Here is a partial list of the ways in which we got fully and totally strange.
- We didn’t tell anyone outside of our team that we’d recorded the podcast lest we jinx it.
- We didn’t wash our Raw Signal Group hoodies lest some of the luck end up in the dryer.
- We washed our Raw Signal Group hoodies lest smelling bad be some sort of curse all on its own.
- We wondered which was luckier – washing or not washing hoodies. Should we wash them more? Or stop washing them again in hopes of good favour returning? We opted for the latter. Naturally.
- We installed a bot to alert us whenever new podcast episodes posted. We would yell when the bot dinged. If you ever want to totally disrupt Raw Signal Group, just put a notify bot in our team slack.
- We developed time of day theories about when podcast pages get updated and cached. We pinned tabs with stitcher vs apple podcasts. The cmd+shft+R buttons are all wearing off on our laptops.
Anyway, we’re delighted to share that the podcast is live, our hoodies are clean, and the notify bot still makes us jump every time it dings.
— Melissa & Johnathan
TK What Melissa’s reading
The Problem with Pattern Matching
A few days ago, one of our alum* sent me a link. No words. No description. Just the link.
I opened a new tab and left it there. Next to all the other things I’d been meaning to read or watch or do. And while the video is only 15 minutes, finding an uninterrupted block took some doing. Today I watched it and I don’t know if I exhaled during the whole thing.
The speaker is Denise Hewett. She’s the Founder & CEO of a company called Scriptd. And in the opening, she’s talking about marginalization and underrepresentation in entertainment. She outlines why she left the industry to found her company. Scriptd lets creators share scripts, have them read by an audience, all with the hope of getting picked up. What makes it unique is that it’s free from traditional entertainment industry gatekeepers (nearly 80% of whom are white and male).
She talks about what it’s like to build a technology company on a fraction of the resources she sees going to male founders. And her experience of fundraising in the valley – where the party line is about merit and disruption. But the lived experience is about pattern matching.
There’s a moment at the end of the talk where the emotion catches in her voice. And she is all of us. She is every single one of us who has ever tried to lift a big, heavy thing. She is every person who ever felt like the odds were stacked before the starter pistol went off.
I won’t spoil the ending for you. But I will say that there’s a lot I recognize here. Raw Signal Group is the only time in my career I haven’t had to apologize for my ambition. The only job where I haven’t worried people will misunderstand platonic business interactions. And where I don’t have to shout just to be heard in meetings.

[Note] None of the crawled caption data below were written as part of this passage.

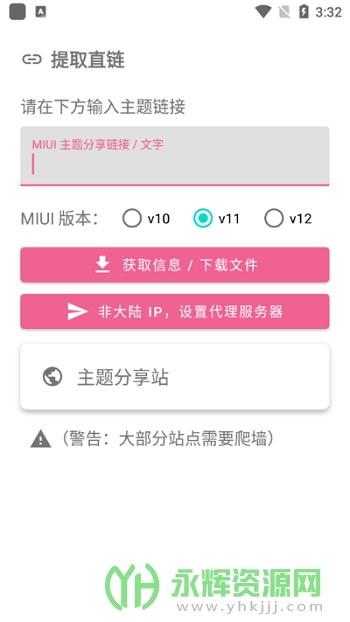 MIUI主题工具app官方版 MIUI主题工具app官方版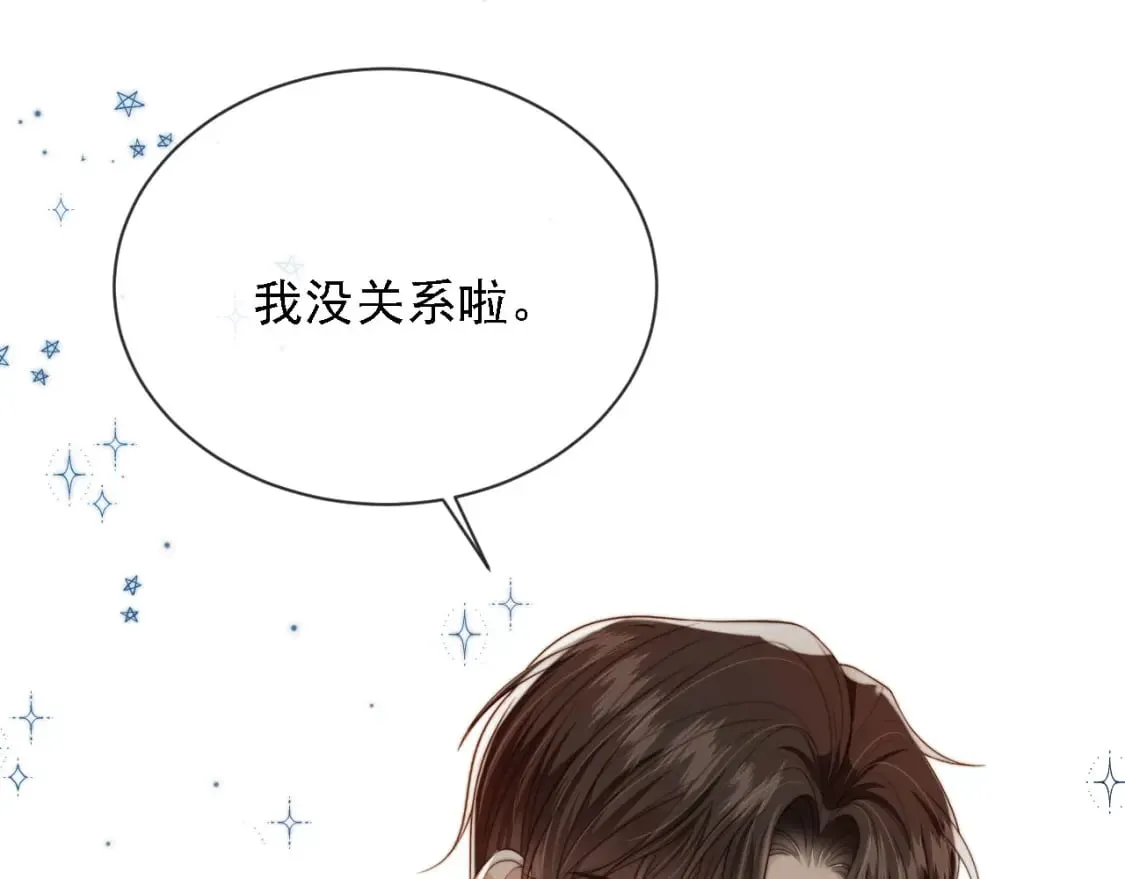 第46话 凉凉的手 第55页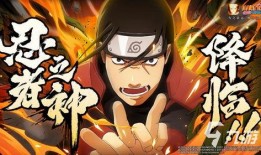 火影忍者彩球爆料视频,揭秘新剧情与角色动向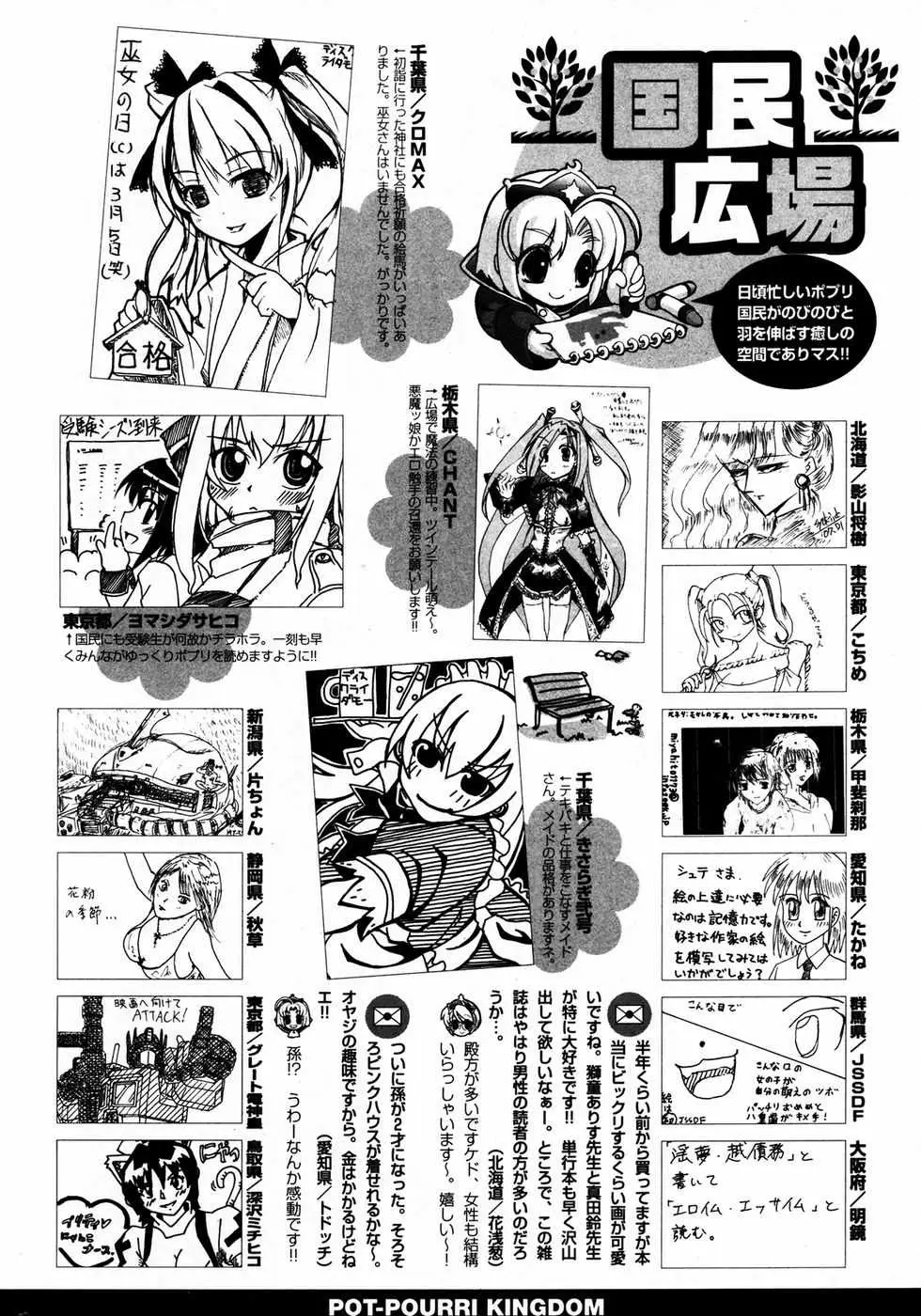 Page 299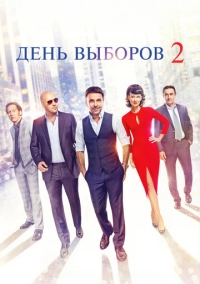 День выборов 2 (2015)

It’s not lost on me that the most ambitious I’ve ever been is alongside my husband. I’m not sure if that says wonderful things about Johnathan or depressing things about tech and business. Or maybe both.
Tech likes to crow about talent and grit. And we spend so much time tying ourselves in knots about hiring the best. We throw around superlatives, only to kneecap people once they get in the door by asking them to be less ambitious. To take up less space. To shine less brightly.
At my last company, I was in a meeting and one of the cofounders said “You never want to stand between Melissa and a goal.” He meant it as a compliment. Genuinely.
I think about that all the time. When we’re going hard and trying to get all the pieces to line up. And stressing about the details because they are worth getting right. It comes back to me. And I am so proud, that for the first time in my life, I get to work in a company that can absorb that drive.
I wish that for everyone. That every person can go to work and feel seen. Can know that their contributions are valued. And that the energy and enthusiasm they bring to their work is never a thing they have to apologize for.
What Johnathan’s reading
So Larry and Sergey are handing over the management reins:
A letter from Larry and Sergey
I’m writing this Tuesday night. So by the time you read this, the hot take machine will have a thousand to choose from. And maybe something dramatic will be revealed in the months ahead. It feels like there might be another shoe to drop.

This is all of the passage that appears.